Yes, kilobytes but per-VM.

>
>> Anyway, I'm flexible and if you think we should go this way now I'll do
>> this in v3. We can re-think this when we later decide to raise
>> KVM_MAX_VCPUS significantly.
>
> Although there's no strict requirement for that I think every sensible
> userspace will allocate VP_INDEX linearly resulting in it being equal to
> KVM's vcpu index.  So we've yet to see a case where get_vcpu_by_vpidx
> doesn't take the fast path.  If it ever starts appearing in the profiles
> we may consider optimiziing it but ATM I don't even think introducing
> the translation array is justified.

It was Radim who suggested it in the first place :-)

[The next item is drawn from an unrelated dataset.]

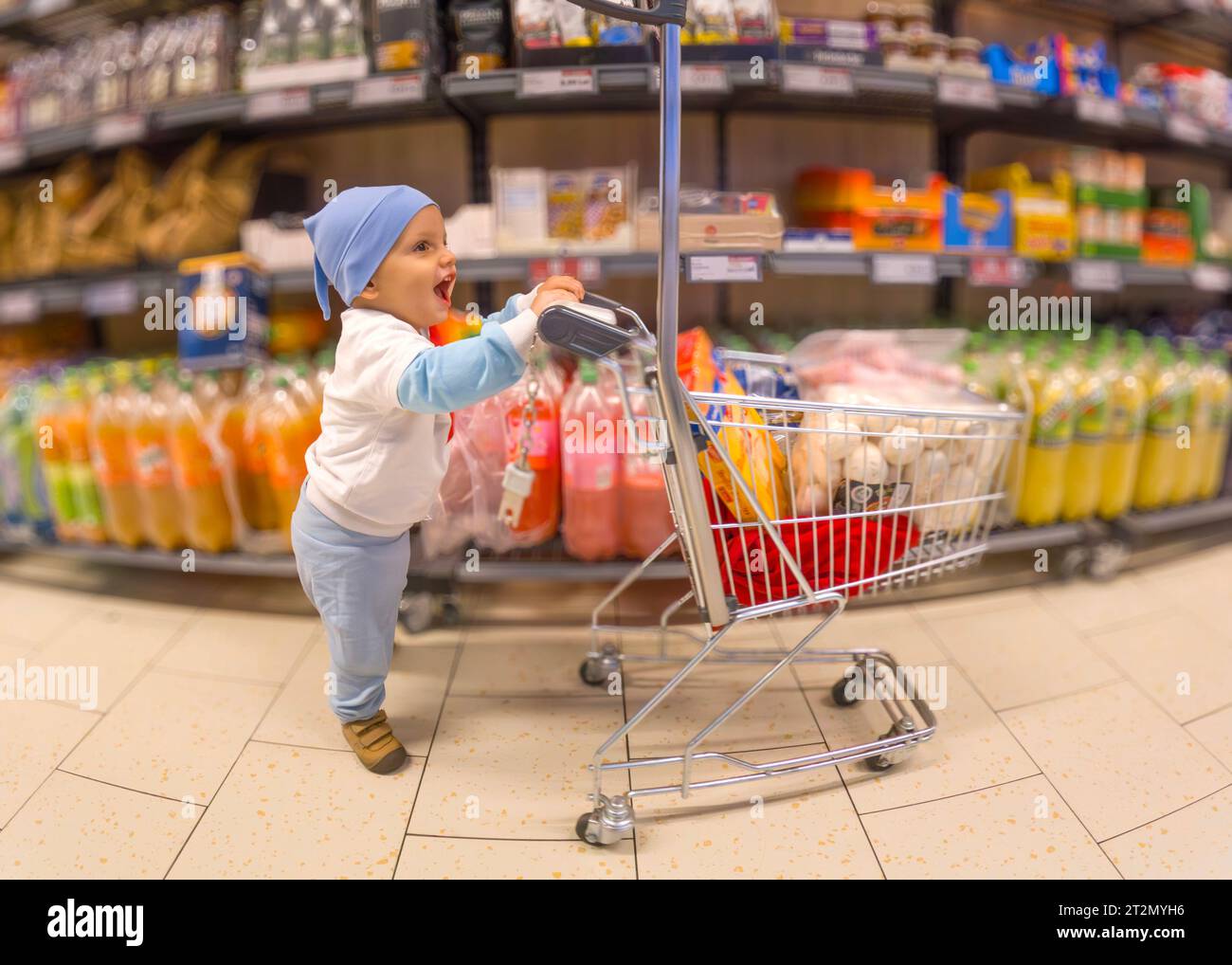 18 ottobre 2023-Bucarest-Romania-adorabile e felice bambino che ha appena imparato a camminare riempì il cestino della spesa per bambini con tutti i tipi di prodotti Foto Stock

The problem we're trying to solve here is: with PV TLB flush and IPI we
need to walk through the supplied list of VP_INDEXes and get VCPU
ids. Usually they match. But in case they don't we'll fall back to full
scan for every VP_INDEX in the supplied list. Now let's say we have 128
CPUs. We'll need to perform up to 128 * 128 extra comparisons on every
hypercall. Not good. So instead of using get_vcpu_by_vpidx() I opted for
walking the whole VCPU list and checking if VPU's VP_INDEX is in the
supplied set. This way we end up with 128 comparisons in the example
above (worst case scenarion). However, we lose in simple scenarios like
only 1 VP_INDEX was specified in the set: we'll still need to walk the
whole list. So having the translation array (one way or another) is IMO
justified.

-- 
  Vitaly